The records below must be copied in full; omit the images.

═════ Source material

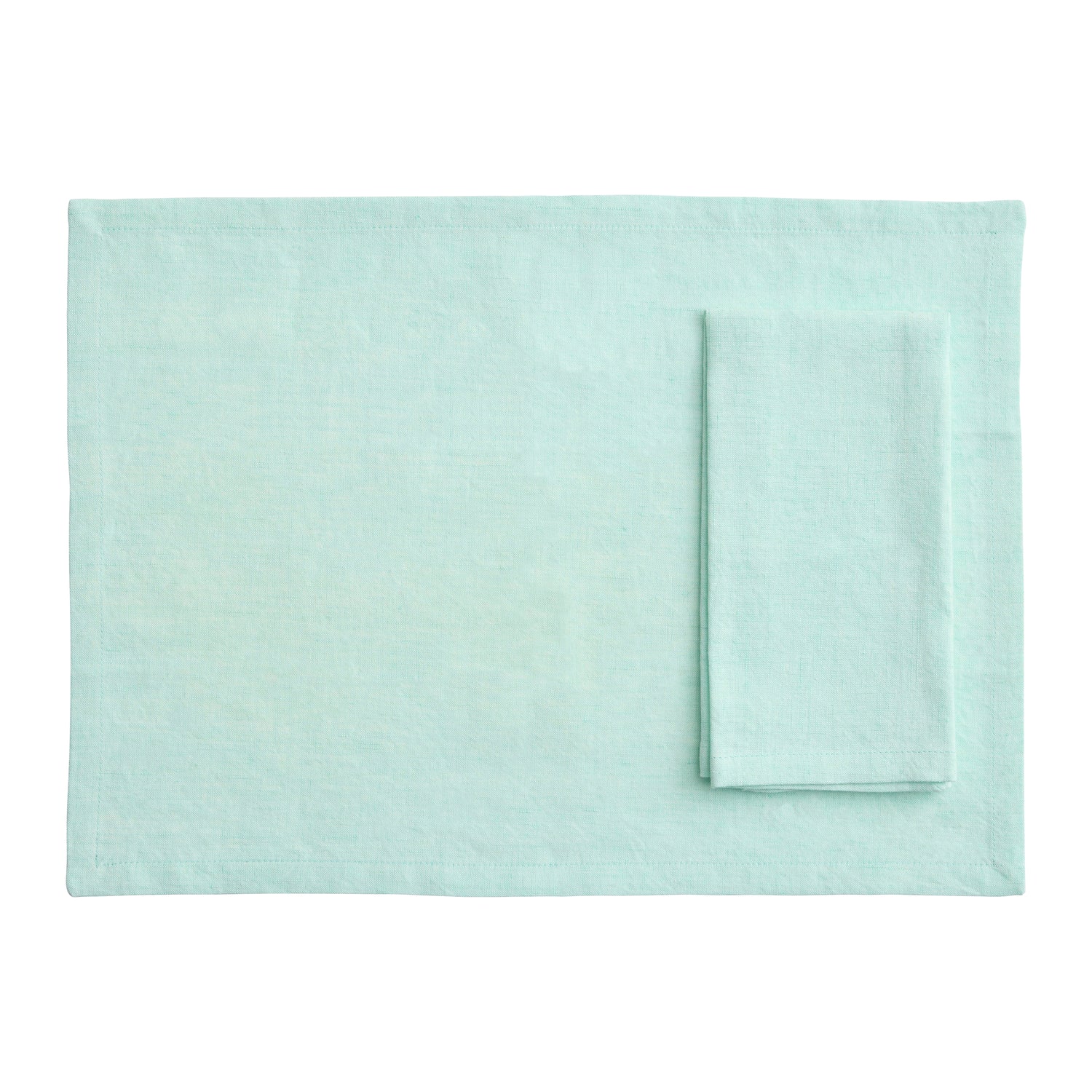 HAY Tavolo Placemats / Servetten - Set van 4 - Soft Mint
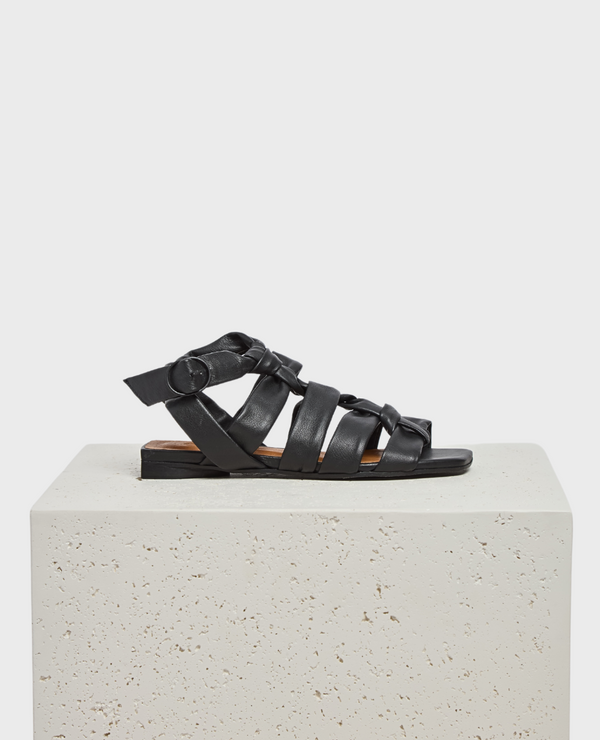 coclico Flair SandalBlack Leather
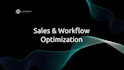 streamline your sales operations and business workflows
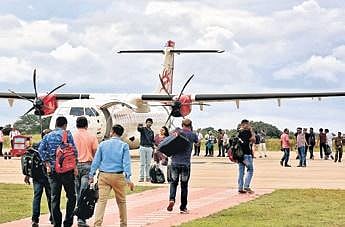 198% growth in passenger traffic in Mysuru airport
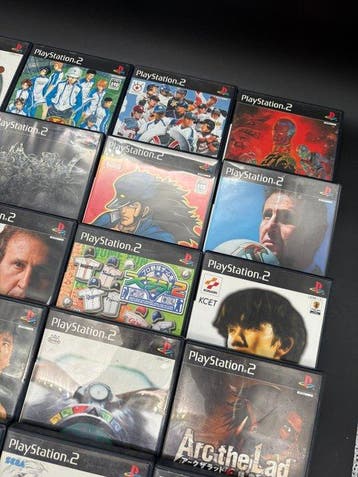 Sony - Playstation 2 (PS2) - 25 Japanese PS2 Games -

══════════

Written response
 HAY Tavolo Placemats / Servetten - Set van 4 - Soft Mint
 coclico Flair SandalBlack Leather
 streamline your sales operations and business workflows
 198% growth in passenger traffic in Mysuru airport
 Sony - Playstation 2 (PS2) - 25 Japanese PS2 Games -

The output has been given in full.